### YOUR INSTRUCTIONS
Take the entries below and print only the lines from the one with "Mergulhador equipado com" through the one with "Quadrilocale in Vendita", exactly as they stand, both ends included.

### Stored data
===
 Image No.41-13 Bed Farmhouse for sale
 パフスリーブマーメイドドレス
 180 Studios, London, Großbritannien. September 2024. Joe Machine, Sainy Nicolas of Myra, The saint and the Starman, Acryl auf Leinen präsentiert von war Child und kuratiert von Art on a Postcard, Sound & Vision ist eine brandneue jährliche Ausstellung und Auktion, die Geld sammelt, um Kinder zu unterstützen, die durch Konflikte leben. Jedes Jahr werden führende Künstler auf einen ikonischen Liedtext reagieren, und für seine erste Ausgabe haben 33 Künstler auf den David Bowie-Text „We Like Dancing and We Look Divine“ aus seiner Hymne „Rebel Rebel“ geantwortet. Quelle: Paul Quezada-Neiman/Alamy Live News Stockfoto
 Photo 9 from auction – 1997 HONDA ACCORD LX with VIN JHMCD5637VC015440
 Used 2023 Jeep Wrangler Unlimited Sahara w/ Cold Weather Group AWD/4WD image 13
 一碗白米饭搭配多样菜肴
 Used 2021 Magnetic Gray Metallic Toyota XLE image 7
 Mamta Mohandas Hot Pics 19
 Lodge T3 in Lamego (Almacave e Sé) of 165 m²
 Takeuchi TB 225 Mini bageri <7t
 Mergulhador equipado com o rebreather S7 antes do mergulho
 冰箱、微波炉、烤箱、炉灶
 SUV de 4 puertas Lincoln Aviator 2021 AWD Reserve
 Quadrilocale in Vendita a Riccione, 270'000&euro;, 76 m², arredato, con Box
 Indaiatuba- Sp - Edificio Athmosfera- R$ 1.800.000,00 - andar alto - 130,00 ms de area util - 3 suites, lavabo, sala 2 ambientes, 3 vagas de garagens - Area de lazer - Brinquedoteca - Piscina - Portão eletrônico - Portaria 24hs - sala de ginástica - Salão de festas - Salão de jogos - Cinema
===
### THE COMPLETED TASK
 Mergulhador equipado com o rebreather S7 antes do mergulho
 冰箱、微波炉、烤箱、炉灶
 SUV de 4 puertas Lincoln Aviator 2021 AWD Reserve
 Quadrilocale in Vendita a Riccione, 270'000&euro;, 76 m², arredato, con Box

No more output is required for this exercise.